Methods
Infantile neuronal ceroid lipofuscinosis (INCL) is a devastating neurodegenerative lysosomal storage disease caused by mutations in the ceroid lipofuscinosis neuronal-1 (CLN1) gene encoding palmitoyl-protein thioesterase-1. Previously, we reported that in the brain of Cln1 (-/-) mice, which mimic INCL, and in postmortem brain tissues from INCL patients, increased oxidative stress is readily detectable. We used molecular, biochemical, immunohistological, and electrophysiological analyses of brain tissues of Cln1 (-/-) mice to study the role(s) of oxidative stress in mediating neuropathology.
Objective
Oxidative stress in the brain is highly prevalent in many neurodegenerative disorders including lysosomal storage disorders, in which neurodegeneration is a devastating manifestation.
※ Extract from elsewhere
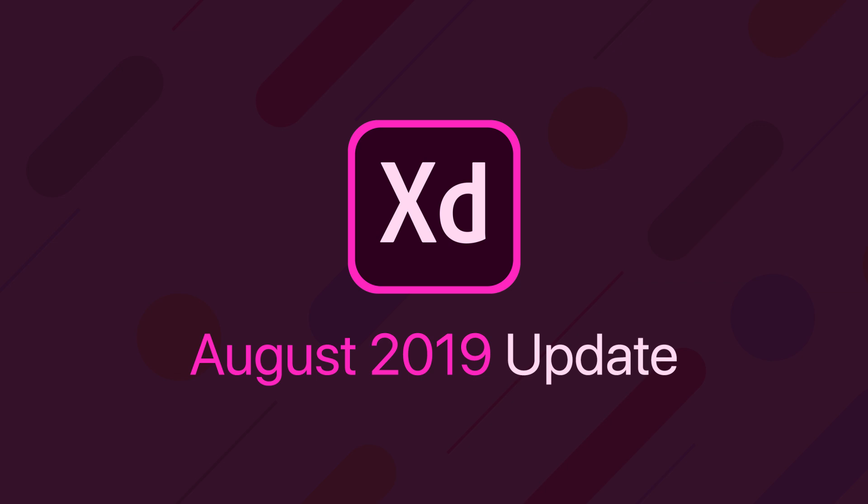Hey guys it's Kaler, welcome to the YouTube channel. In today's video we're going to take a look at the August 2019 update for Adobe XD.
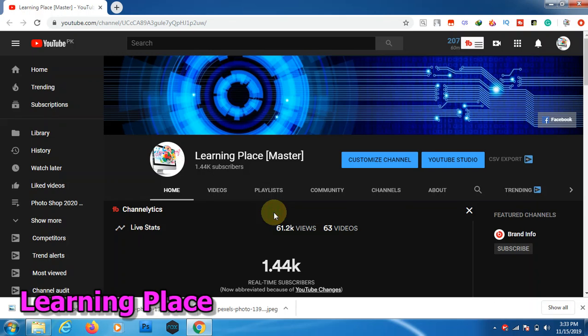Assalamu alaikum friends, welcome to Learning Place. I hope you are fine. Today in this video I will teach you how to select every difficult image within a minute. Before our video starts, if you do not subscribe my channel please subscribe my channel and then click bell icon.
Despite intense studies, a precise mechanism linking oxidative stress to neuropathology in specific neurodegenerative diseases remains largely unclear.
Results
Our results show that in Cln1 (-/-) mice oxidative stress in the brain via upregulation of the transcription factor, CCAAT/enhancer-binding protein-δ, stimulated expression of serpina1, which is an inhibitor of a serine protease, neurotrypsin. Moreover, in the Cln1 (-/-) mice, suppression of neurotrypsin activity by serpina1 inhibited the cleavage of agrin (a large proteoglycan), which substantially reduced the production of agrin-22, essential for synaptic homeostasis. Direct whole-cell recordings at the nerve terminals of Cln1 (-/-) mice showed inhibition of Ca(2+) currents attesting to synaptic dysfunction. Treatment of these mice with a thioesterase-mimetic small molecule, N-tert (Butyl) hydroxylamine (NtBuHA), increased agrin-22 levels. Interpretation: Our findings provide insight into a novel pathway linking oxidative stress with synaptic pathology in Cln1 (-/-) mice and suggest that NtBuHA, which increased agrin-22 levels, may ameliorate synaptic dysfunction in this devastating neurodegenerative disease.